Nationwide Wi-Fi a Success in Macedonia

By Naomi Graychase

December 22, 2006

The hardest part about unwiring the schools of an entire country is changing the rules of the game.

What began as an attempt to get more computers (and Internet access) into schools in Macedonia [perhaps technically known as the Former Yugoslav Republic Of Macedonia (FYROM), as per the United Nations, until the country and Greece work out their differences; the U.S. Government, however, recognizes the country as the Republic of Macedonia - edited 1/9/07], has become, through the unlikely pairing of American dollars and Chinese computers, a successful deployment of a nationwide broadband wireless network. The network is revolutionary, not simply because it is considered the largest hotspot in the world, but because of its impact on the economy and culture of the country it connects.

The project began three years ago, as part of USAID's e-Schools Project. Initially, 460 primary and secondary schools in the country were to receive a total of 5300 computers donated by the People's Republic of China. To accommodate the new computers, labs were built in each of the schools. Once the computers had arrived and the labs were built, however, the problem of getting online presented a daunting challenge.

Because of the mountainous terrain, the vast distances between schools, and the sky-high prices being charged by the existing broadband operator, a creative solution was in order.

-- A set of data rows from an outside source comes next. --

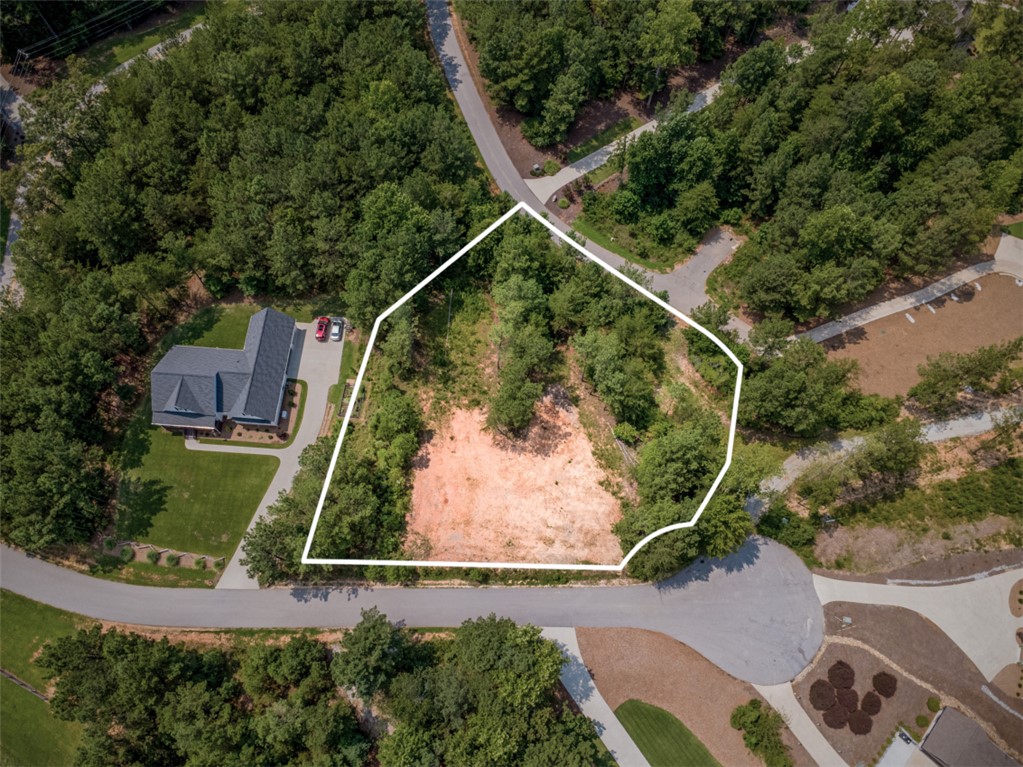 Lot 24 Reservoir Road West Union, SC 29696 - Photo 1 of 46 A spacious, undeveloped lot awaits your vision, framed by mature trees and ready for construction.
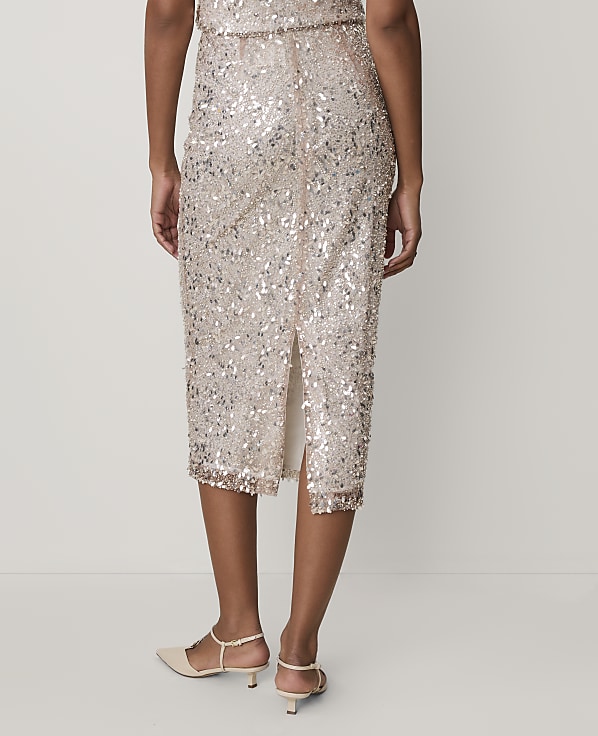A person wears a shimmering gold sequined midi skirt and beige heels against a plain, light-colored background.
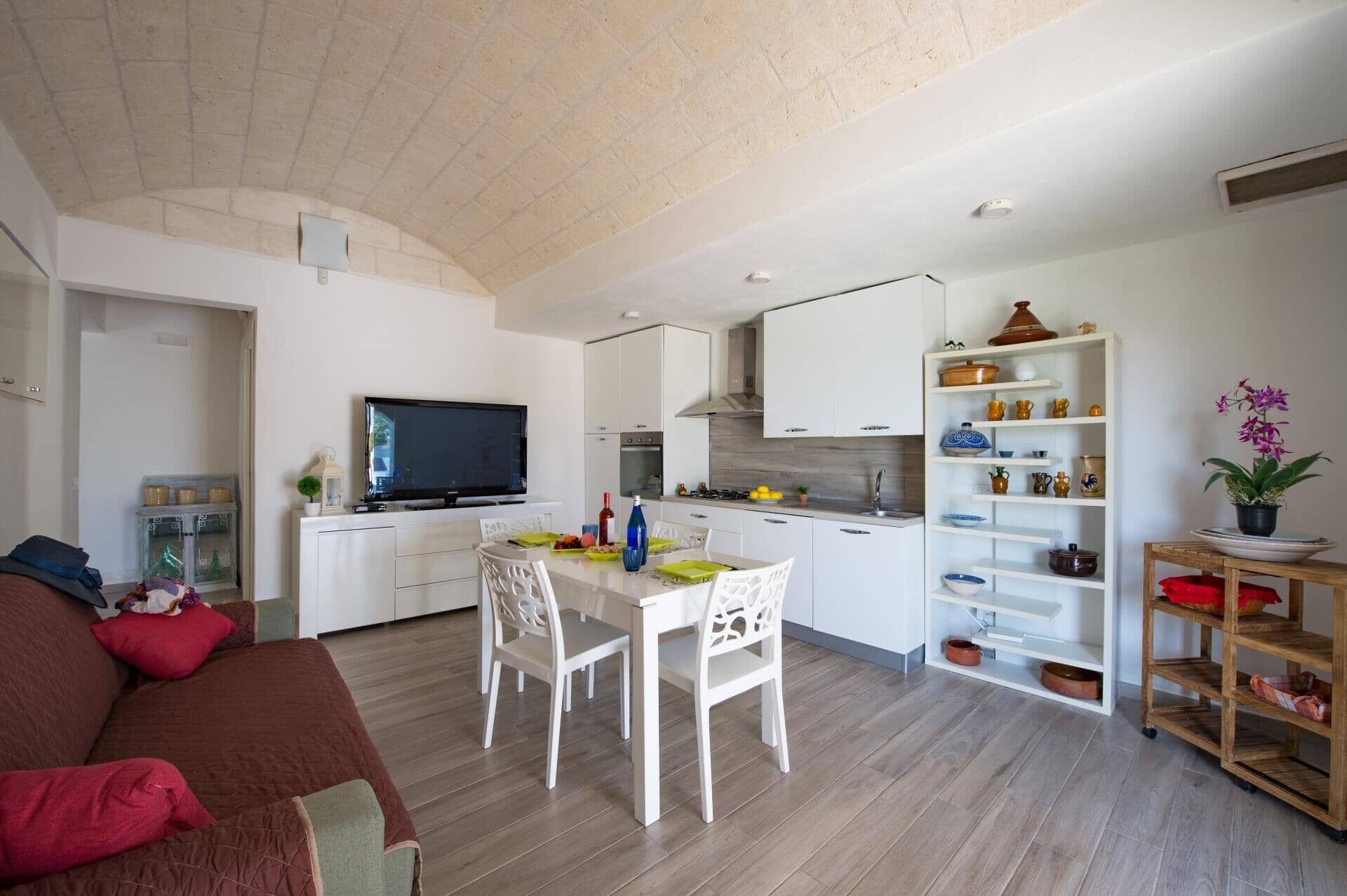 Un espacio habitable compacto con kitchenette, comedor y televisor.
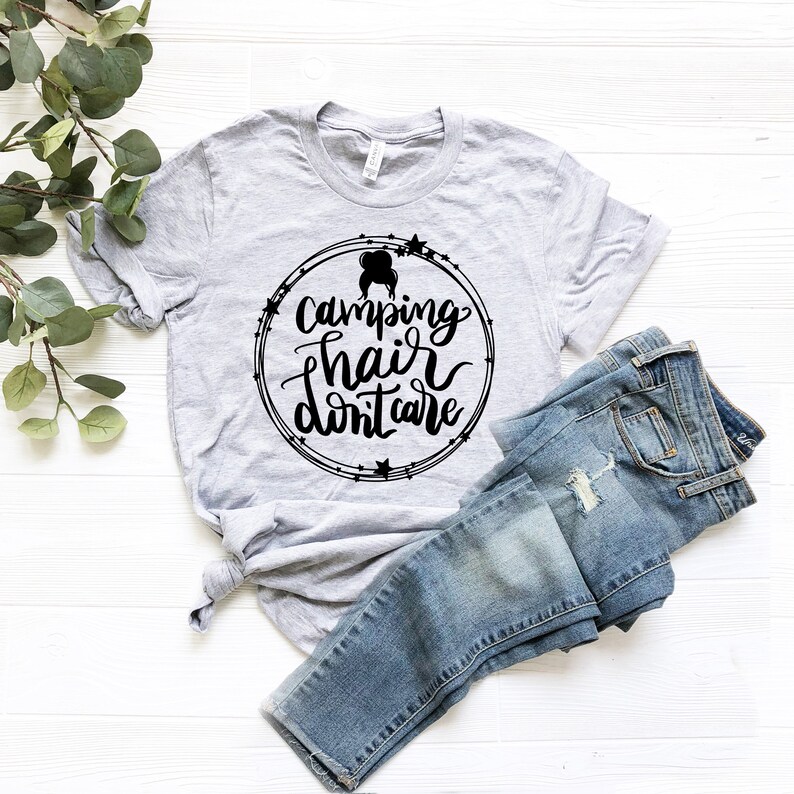 May include: A gray t-shirt with a black circle design that says "Camping hair don't care" with a silhouette of a woman with messy hair inside the circle.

Glenn Strachan, Senior ICT Specialist in Broadband Wireless Technology for AED, was brought in to direct the project.

"I had just done wireless in Romania and Uganda," says Strachan, who has thirty years of IT experience under his belt. "When you looked at the schools on the map, you were really everywhere in the country. So, I suggested that we look at it as a nationwide connectivity project."

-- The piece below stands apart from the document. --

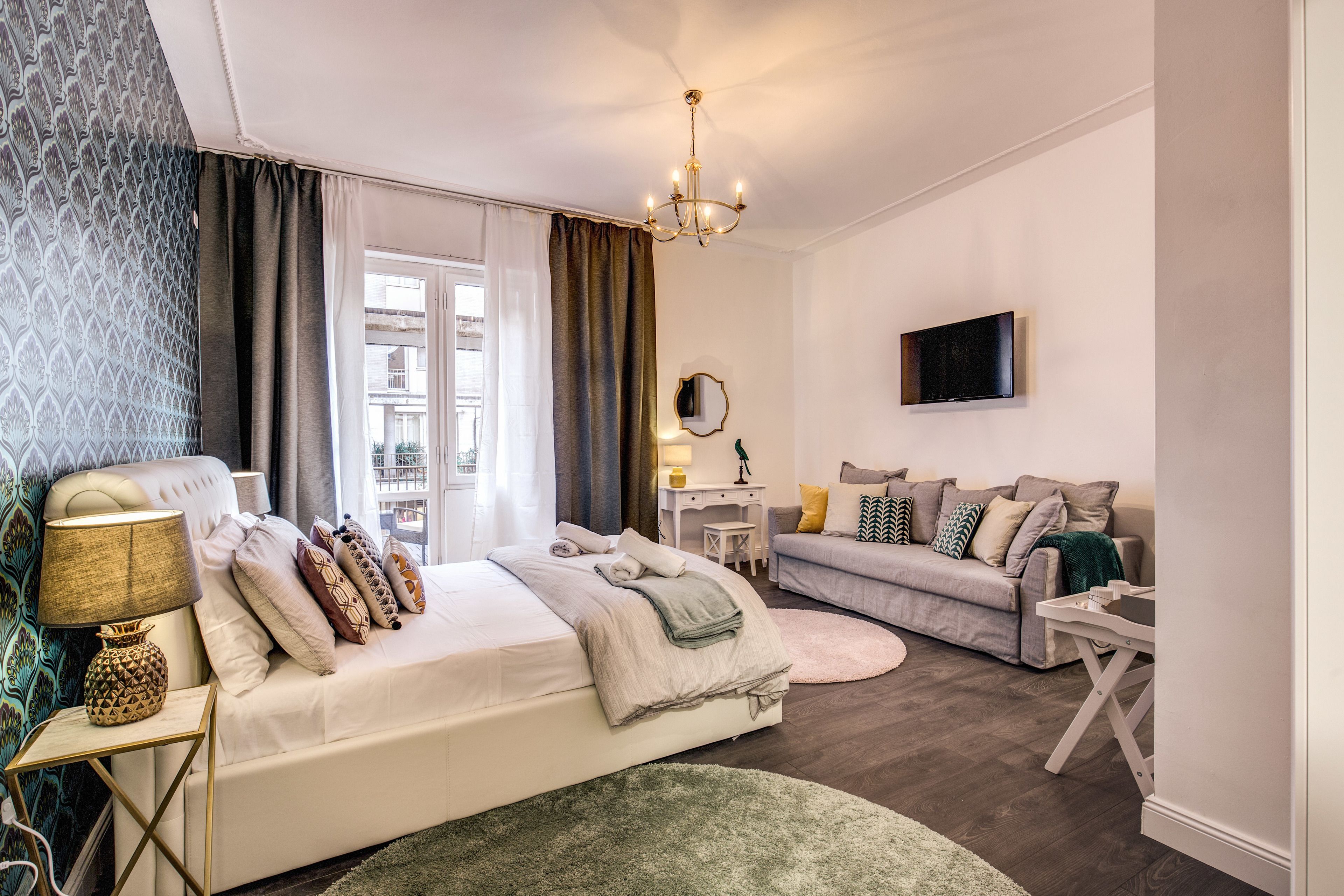 Habitación familiar, balcón | Cunas (de pago), wifi gratis, ropa de cama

While the original goal was only to deliver Internet connectivity to the schools, Strachan says, "it would have been an abject failure" because of the monopoly held by one provider. Basic Internet service was costing subscribers 120 euro per month. The answer was to start, not by building towers, but by changing the laws that governed the telecom business in the country.

"There was no competition to the incumbent," says Strachan. "It was predatory. It was putting out of business anyone who tried to compete against it. There were ISPs in business, but they were just barely in business. If we did a competitive selection of the five that existed, and we guaranteed them a funding base, achieved through the connectivity to 460 schools, that's 545 total sites -- a $2.5 million pool that we could use to help capitalize the selected ISP. This would give them enough income to build out the backbone of their network, and in exchange, we traded service provisioning for 24 months."

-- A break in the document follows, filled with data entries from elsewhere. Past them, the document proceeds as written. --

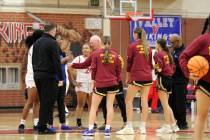 Pahrump Valley High School head coach Bob Hopkins greets opponents from Valley High School befo ...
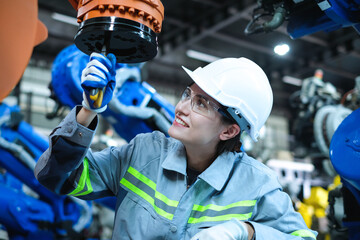 Caucasian female engineer using pliers to adjust screws of industrial robot arm in factory.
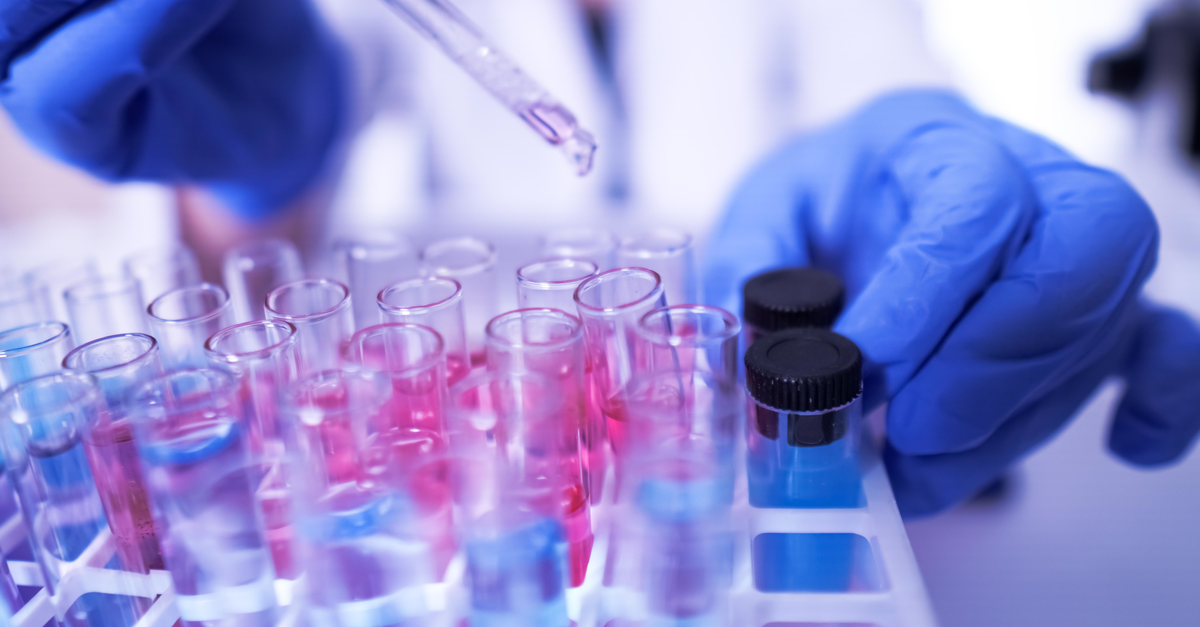 Lab technician working with test tubes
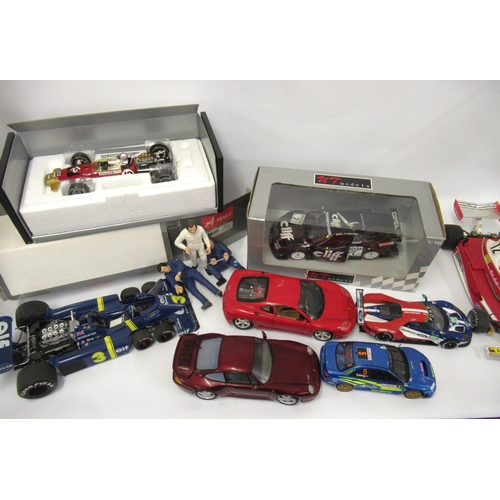 127 - Two mint boxed 1/18th scale die cast metal model racing cars of Lotus 49B by A Model and UT models o... 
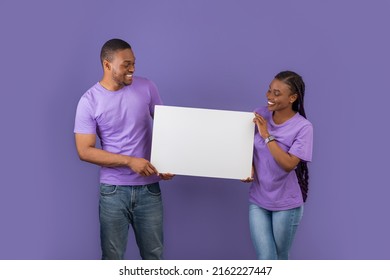 Cheerful Black Couple Holding And Showing Blank Paper Poster For Your Text Smiling Looking At Placard Standing Isolated On Purple Violet Studio Wall. Spouses With White Square Board For Advertising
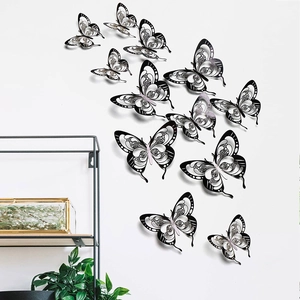 Detailed macro view of 3D black hollow butterfly wall stickers on a minimalist white wall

Before Strachan and AED arrived, a Macedonian entrepreneur had very few options for funding his or her potential WISP.

"They couldn't go to a bank with a business plan and get a loan," says Strachan. "In Macedonia, there is no concept of that. What loans you can get are at 40% or 50% interest. So the owner of an ISP couldn't say look, there's this new thing called wireless and we're gonna make a go of it. So, we helped fund that growth. We established a competitive process and designed an RFP where we outlined exactly what we wanted: the provisioning of services, the location of the schools. We didn't tell how much we'd pay, but said they had to be competitive and create a business plan that suggested sustainability. Our goal was to create competition and a sustainable solution."

Once the law was changed and competition became possible, four vendors offered proposals. The winning proposal came from On.net who announced plans to use equipment from Strix Systems for the deployment in Skopje in December, 2005. USAID paid for Motorola Canopy for backhaul, which Strachan says reachs 95% of the country [added 1/9/2007]. Within four months the entire network was up and running. Since winning the contract, On.net has gone from 24 staff to 75.

"On.net had to hire 300 people to do the install," says Strachan. "It was pretty amazing."

Since the network went live, nationwide Internet use has risen dramatically.

"In May 2006, we did a survey and we found out that the Internet penetration rate went from 4% to 14% home use," says Strachan. "Not only did people start using wireless, but they started using all five ISPs because everyone had to reduce their pricing structure. On.net became the lowest cost provider, so the monopoly cut its prices by 90%. So now, we have a 10GB download account in Macedonia for 10 euro (about $12.20). We've gone from an outlandishly expensive network, to something that people can afford. Once they can afford it, they can use it."

Phase Two of the project focuses on training the teachers and students who will use the network in the schools, raising awareness within the general population, and adding 95 more sites including NGOs and hospitals across the country.

In Phase Three, AED will teach the schools how to afford to maintain the network and how to sell the services at night. The USAID-funded project, which covers 95% of the country, officially ends on September 30th, 2007.

"Our ultimate goal was to create a sustainable solution," says Strachan, whose work on the Macedonia project ended in October. "If we'd only focused on the schools, it would not have been sustainable. Now the schools can afford it, and they don't have to pay for it until October 2007."

Naomi Graychase is a freelance writer based in Northampton, Massachusetts. For more than a decade she has covered consumer electronics and personal and business computing. Her work has appeared in the New York Times, CNet, and SmartComputing, among many others.